Selon la loi française, ce type de DPI n’est pas
autorisé puisque les embryons n’ont pas spécialement de risque de
présenter une maladie d’une particulière gravité.
Conclusion
Si les techniques en cytogénétique et en biologie moléculaire
s’améliorent et permettent l’identification de plus en plus de maladies
génétiques, la biologie de l’embryon humain pré-implantatoire avec ses
éventuelles mosaïques fait que les risques d’erreurs sont à ce jour
incontournables.
À cela, s’ajoutent les contraintes et les complications
de la fécondation in vitro pour les couples dont la fertilité est normale et
qui ont déjà une ou plusieurs grossesses spontanées (risque
d’hyperstimulation, grossesses multiples, échecs de stimulation, échec
de diagnostic, échec de grossesse).
Cependant, le DPI permet aux
couples le non-transfert lorsque les embryons analysés sont atteints de
la maladie recherchée.
Il évite la souffrance de voir s’arrêter une
grossesse dans laquelle le couple s’est investi depuis de nombreuses
semaines.
Depuis la publication du premier DPI par l’équipe anglaise de
Handyside en 1990, le nombre de centres pratiquant cette activité a
progressé.
Cependant, cette progression reste lente (25 centres selon
l’enquête de l’European Society for Human Reproduction and
Embryology, 2002).
La pratique du DPI nécessite l’implication et la
collaboration de laboratoires performants de fécondation in vitro, de
génétiques (moléculaires et chromosomiques) capables de pratiquer un
diagnostic sur une ou deux cellules embryonnaires, et de cliniciens
(généticiens, gynécologues, psychologues).

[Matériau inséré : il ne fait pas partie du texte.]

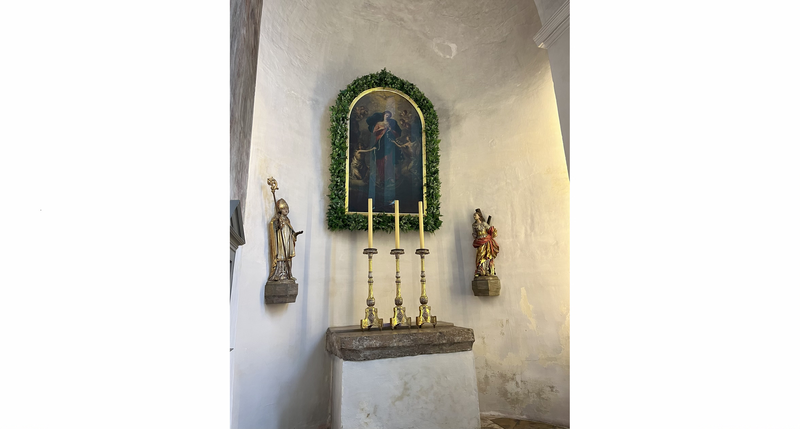 Statue der Knotenmadonna in der Kirche St. Peter am Perlach in Augsburg, ein Ort des Gebets und der Hoffnung | © Ringhotels e.V., SK 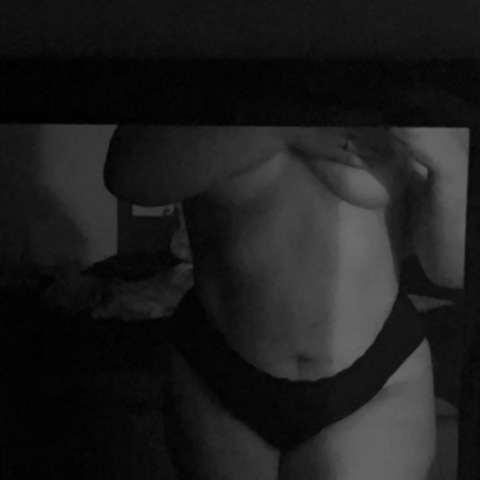 emzkulih OnlyFans - Free Access to 32 Videos & 49 Photos Onlyfans Free Access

Quel que soit le nombre de cycles de DPI réalisé par an, cette approche
nécessite de très importants besoins humains rassemblés au sein d’un
centre multidisciplinaire comme l’exige la loi française.
La mise au
point de techniques selon la maladie recherchée demeure actuellement le
seul facteur limitant.
Ceci explique à ce jour l’important taux de refus
pour non-faisabilité technique.
Cependant, de nombreuses anomalies
génétiques peuvent être analysées aujourd’hui, et l’évolution
permanente de procédures techniques laisse présager que certains
problèmes persistants seront dans un avenir proche résolus et auront
un impact fondamental sur la prise en charge des couples.